De retour de Londres où il a étudié le droit, Gandhi rencontre à Bombay l’homme d’affaires Raychandbhai qu’il décrit ainsi : « les transactions commerciales de Raychandbhai couvraient des centaines de milliers. Il était connaisseur des perles et des diamants. Aucun problème d’affaires, aussi noué fût-il, n’était trop difficile pour lui. Mais toutes ces choses n’étaient pas le cercle central sur lequel tournait sa vie. Ce centre était la passion pour voir Dieu face à face. Parmi les objets déposés sur sa table de travail, il y avait invariablement quelques livres religieux et son journal. (…) C’était un chercheur de la Vérité. J’avais la conviction, enracinée au plus profond de moi, qu’il ne m’induirait jamais volontairement en erreur et me confierait toujours ses pensées les plus intimes. Dans mes moments de crise spirituelle, il était donc mon refuge. »
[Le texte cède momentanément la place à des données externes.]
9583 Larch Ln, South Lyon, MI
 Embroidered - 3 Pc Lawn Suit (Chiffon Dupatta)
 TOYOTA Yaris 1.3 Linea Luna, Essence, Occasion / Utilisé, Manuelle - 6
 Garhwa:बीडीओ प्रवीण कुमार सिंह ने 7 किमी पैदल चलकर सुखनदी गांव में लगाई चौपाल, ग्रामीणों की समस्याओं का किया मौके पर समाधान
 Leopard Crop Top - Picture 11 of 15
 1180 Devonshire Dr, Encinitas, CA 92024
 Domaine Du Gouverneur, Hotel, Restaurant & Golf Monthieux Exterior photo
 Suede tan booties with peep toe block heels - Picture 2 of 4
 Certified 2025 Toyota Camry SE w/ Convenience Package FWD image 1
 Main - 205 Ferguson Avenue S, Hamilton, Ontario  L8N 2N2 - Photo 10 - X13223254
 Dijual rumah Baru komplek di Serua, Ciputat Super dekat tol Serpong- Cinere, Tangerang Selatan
Le jeune Mohandas n’a pas l’étoffe d’un héros. Enfant, il a un sommeil anxieux. Jeune avocat, il souffre d’une sévère timidité qui le handicape dans l’exercice de son métier.

Le livre est principalement consacré à son séjour de plus de vingt ans en Afrique du Sud, de son arrivée en 1893 pour défendre au tribunal les intérêts d’un homme d’affaires indien jusqu’à son retour définitif  en Inde en 1915, après plusieurs campagnes de défense des intérêts de la communauté indienne du Natal victime de la discrimination. Comme Mandela, Gandhi est profondément un juriste. Il exerce d’abord sa profession comme un banal avocat d’affaires. Il met ensuite sa capacité à disséquer les lois et règlements de l’Administration ennemie, au service d’une cause.

Le moteur qui anime Gandhi, c’est sa permanente angoisse existentielle. C’est elle qui l’anime à passer des nuits de discussion passionnée avec des dizaines de gens de rencontre qui deviennent des amis à la vie et à la mort. C’est elle qui l’amène à ne jamais affirmer quelque chose sans l’avoir vérifié et documenté. C’est elle qui l’amène à voir dans l’adversaire quelqu’un dont le rôle et les actions peuvent être détestables mais qui reste une personne respectable, capable du pire mais aussi du meilleur.

Il porte en lui de profondes contradictions. C’est ainsi qu’il est viscéralement allergique à la viande et au lait jusqu’à en faire un interdit absolu pour sa vie et celle de ses proches. Mais en même temps, il fréquente des chrétiens et des musulmans et s’efforce de comparer leurs religions à la sienne dans un esprit de tolérance et d’ouverture. Habitué à vivre au milieu d’autres civilisations, rompu au dialogue, il impose pourtant comme un tyran à sa famille ses propres règles : il refuse d’envoyer ses enfants à l’école et à l’université, ce que son fils aîné ne lui pardonnera pas ; il vend au profit de ses actions militantes les bijoux offerts à son épouse lors de leur adieu à l’Afrique du Sud ; il prend le risque de refuser les médecines occidentales lorsque celle-ci tombe malade, au péril de sa vie.

La philosophie de Gandhi est connue : Ahimsa (non violence), Satyagraha (force de la vérité, résistance passive),  Brachnachanya (vœu d’abstinence, de distanciation des passions, de purification). « Il n’y a d’autre Dieu que la Vérité. Le seul moyen pour réaliser la Vérité est la non-violence. Ma dévotion pour la Vérité m’a conduit dans le champ de la politique ; ceux qui disent que la religion n’a rien à voir avec la politique ne savent pas ce que religion veut dire. Dieu ne peut jamais être réalisé par quelqu’un qui n’est pas pur de cœur. Pour atteindre la pureté parfaite, on doit devenir absolument libre de toute passion en pensée, en parole et en action, de manière à s’élever au dessus des courants contradictoires de l’amour et de la haine, de l’attachement et de la répulsion ».

Mohandas Karamchand Gandhi est mort assassiné en 1948 par un Hindou fanatique qui ne pouvait accepter son refus de la partition du continent indien selon le critère religieux. Ses angoisses et ses contradictions auraient pu le paralyser. Ils l’ont galvanisé au point d’en faire l’une des personnalités les plus marquantes du vingtième siècle.